Tintin moves between continents
Zora Rahman, Contributor, Jakarta
First-grade students at Allermoehe junior high school, Hamburg, Germany, will probably not easily forget the Indonesian guest who dropped by last month: Maria Clementine "Tintin" Wulia.
There, the architect, film music composer, short film director and lover of children made use of her stay at the International Short Film Festival Hamburg in June, and asked for an animation workshop with the German schoolkids.
The result was a short animated film about a Hamburg boy who falls asleep in a train on the way to school. When he wakes up much later, he feels very hot and hears strange voices: The sign in the station shows that he has arrived in Bajawa, Flores.
"This idea developed in its own way because of the children's spontaneous fantasy when I told them about their contemporaries in Flores," Tintin Wulia said. "It might now become an intercultural bridge between the kids here and there."
Bajawa is where the multitalented Balinese is currently working as a video specialist for the Nusa Tenggara Timur Primary Education Partnership (NTTPEP), an initiative funded by the Australian government with the aim of improving teaching techniques at primary schools in East Nusa Tenggara province.
"We must prompt the children to think critically -- short films are a very suitable medium to stimulate this," Tintin said. "We should made use of this and not just leave films as a product for passive consumption."
Thirty-year-old Tintin took a roundabout way to becoming a filmmaker. She studied architecture in Bandung and film music in Boston. While working for a multimedia agency in the U.S., she was introduced to the basics of filmmaking and started shooting for herself.
Returning to Indonesia in 1998, the difficult economic and political situation meant that Tintin still could not focus on films yet. So she started working on TV ads, composing the music for spots and trailers. By 2000, she had accumulated such a huge stock of private footage that she felt she would have to do something with it -- if only to satisfy herself.
There was a quick response: Her experimental film Violence Against Fruit, inspired by the May 1998 riots, was given an award at the Indonesian Independent Film and Video Festival (FFVII) 2000 and since then has been shown at several international film festivals.

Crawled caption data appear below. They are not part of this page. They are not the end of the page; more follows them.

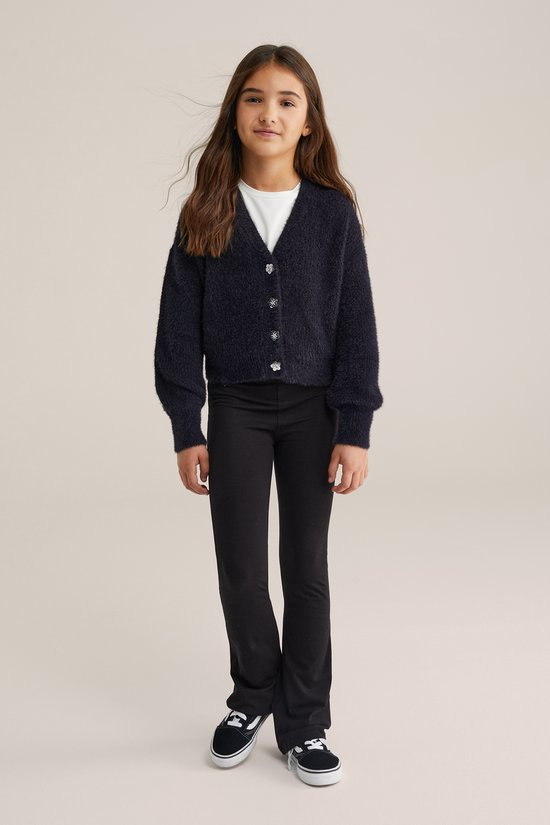 Meisje draagt een zwarte flared legging en een donkerblauw pluizig vest met knopen.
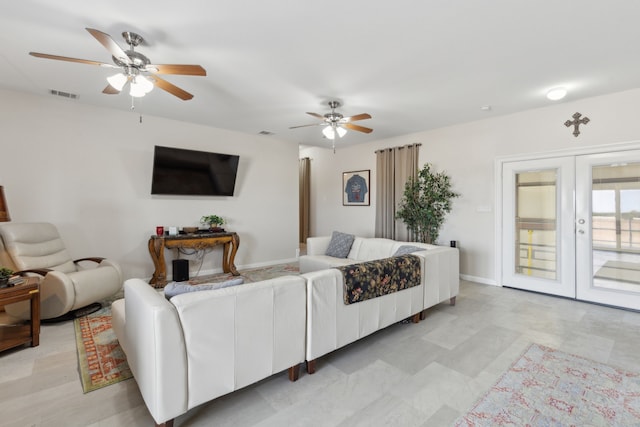 living room with ceiling fan and french doors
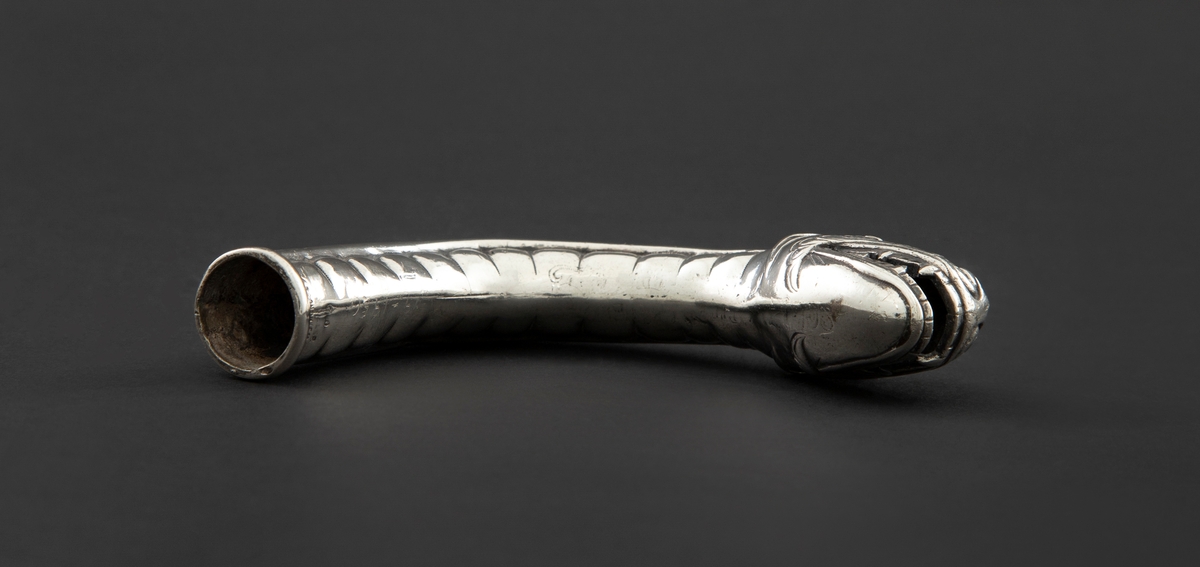 Skafthåndtak til paraply i sølv. Den er støpt, hul og formet som et dragehode med kraftig svungen hals. Halsen danner selve håndgrepet.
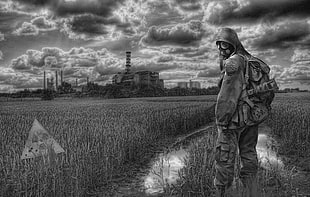 grayscale photo of person wearing gas mask in the middle of an open field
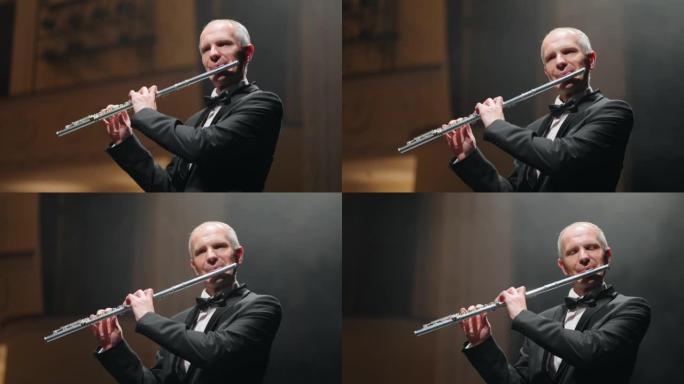 老年长笛演奏家正在用长笛演奏新古典音乐，这是爱乐音乐厅的音乐家肖像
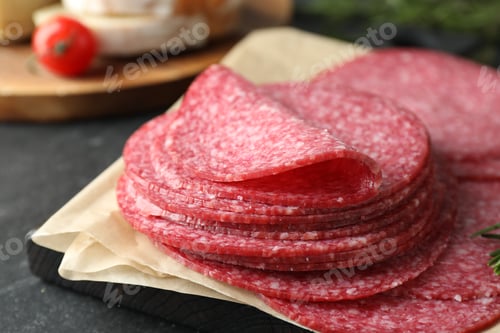 Preview: Slices of tasty smoked sausage on black table, closeup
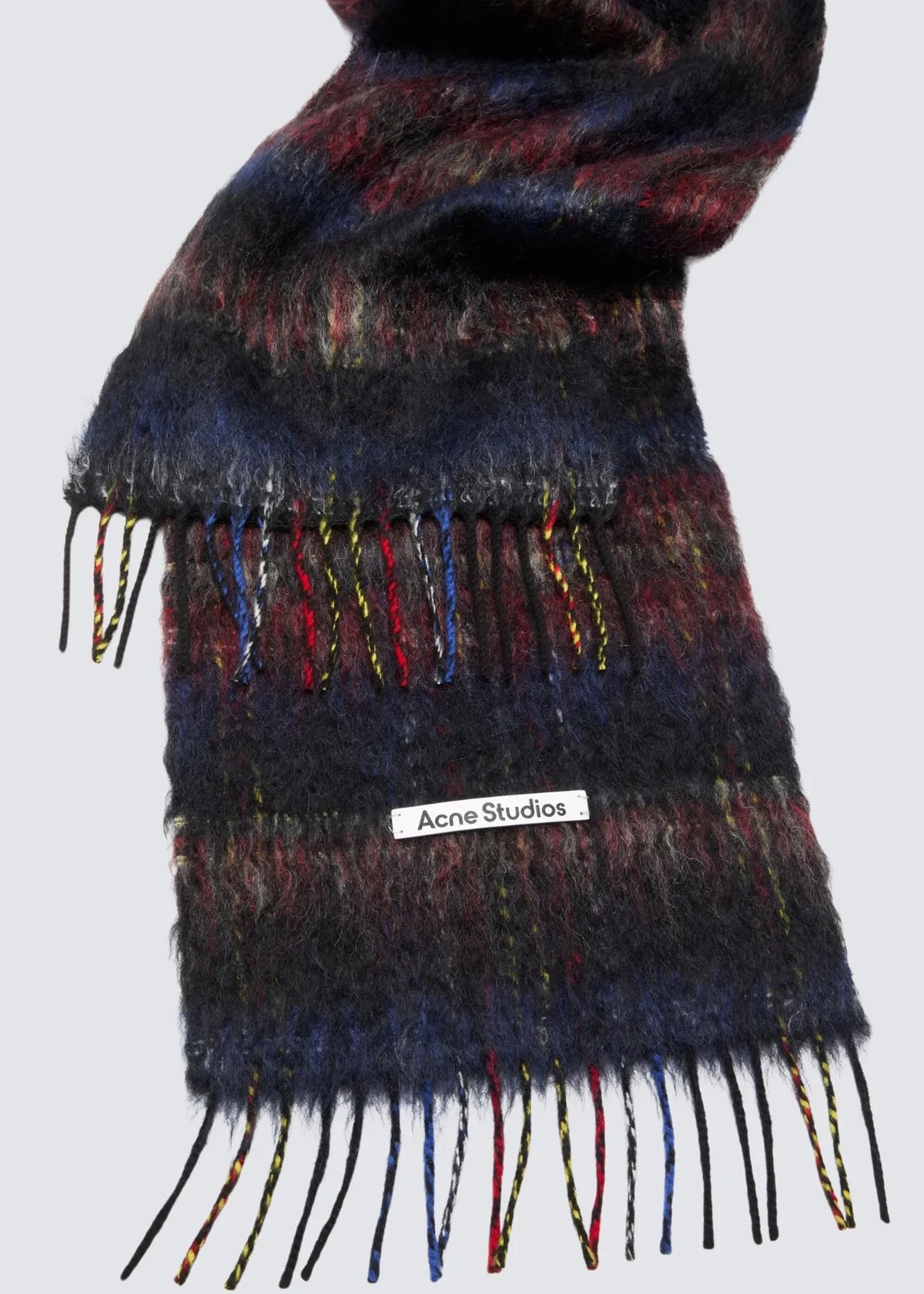 Nahaufnahme mit Fokus auf den Acne Studios Aufnäher in weiß mit schwarzem Marken Schriftzug sowie die ausgefransten Enden.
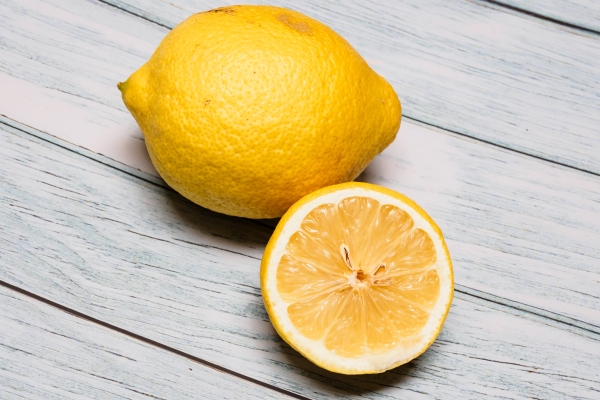 closeup of a lemon on a wooden table - Яблочный глинтвейн с изюмом и лимоном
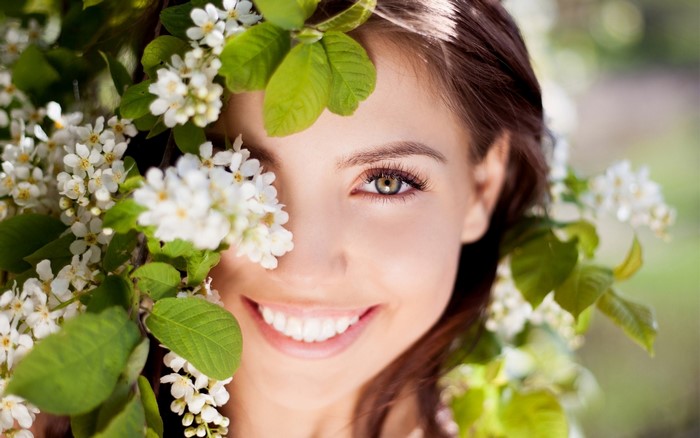 Woman with cherry blossoms in her hair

The three-minute short shows the cutting of a kaki fruit in close-up after it has been unwrapped from its Chinese packaging. In the background, two voices discuss cruelty to animals. There is no complicated technology, no political discussion, but the message is clear: "Sit back, relax and enjoy the massacre in front of your eyes," says Tintin in the introduction to her film.
But the director who dared to take such a cynical look at the awful happenings five years ago -- herself of Chinese origin -- does not want to be perceived as politically motivated.
"I don't really want to make political statements; ultimately, I also don't know the one and only proper way," Tintin said. "I'm rather interested in human and social impacts."
Tintin's most successful film so far is Ketok (Knock), produced in 2002. The short documentary tells the story of her parents' experience with a mysterious knocking, when they moved into a new house. Using very simple methods, including crayon drawings, shadows and photo collages, the filmmaker continues in the tradition of story-telling without resorting to high-tech tricks.
It is a piece of work being honored at several events: Ketok was the best film at the FFVII 2002, was nominated for the Silver Screen Award at Singapore and received a special mention at the International Short Film Festival Hamburg 2003.
Tintin's parents, whose voices are used in the film, were really surprised at its success: They have never really understood their daughter's engagement, in which she even shoots or edits films while relaxing. Nevertheless, they have never hindered her -- quite the opposite -- they even supported her in building a film community at the parental music school in Denpasar in 2001.
So Minikino was born. Inspired by the repertory cinemas Tintin saw during a journey to Australia in 2001, twice a month it shows a selected short film program.
"We focus on short films, because they are more pithy and easier to discuss afterwards than full-length feature films," she said. "But our program could be extended by films that do not benefit from any other distribution."
Minikino, which started with a handful of friends from Bali, has already grown into a respectable network. After hosting some international films at Denpasar, the program is now also shown once a month at Oktagon gallery, Jakarta. Communities in Bandung and Yogyakarta are interested in becoming partners, as well as the QB bookshop chain.
Following the good response to her films at several festivals, and the extension of Minikino, Tintin has hardly any private time left anymore. "Sometimes I wish I had a more settled life," she said, "but if I stay too long in one place, I get itchy feet and want to move on again."
She will have the chance to move a lot in the near future, having been invited by film festivals in Australia, France, Taiwan and the U.S.
"I would like to seize the opportunity offered by these invitations and intensify my intercultural work. I dreamed before as a child of one unified world, where people from everywhere share mutual relations and live in peace with each other."
As a first step, the "children freak" wants to establish intercultural relations between the kids in Hamburg and Flores: With another animation workshop planned with pupils in Bajawa, she aims to continue the intercontinental story.
"Ideally, the Hamburg boy acquires a friend in Flores and travels to Darwin next September."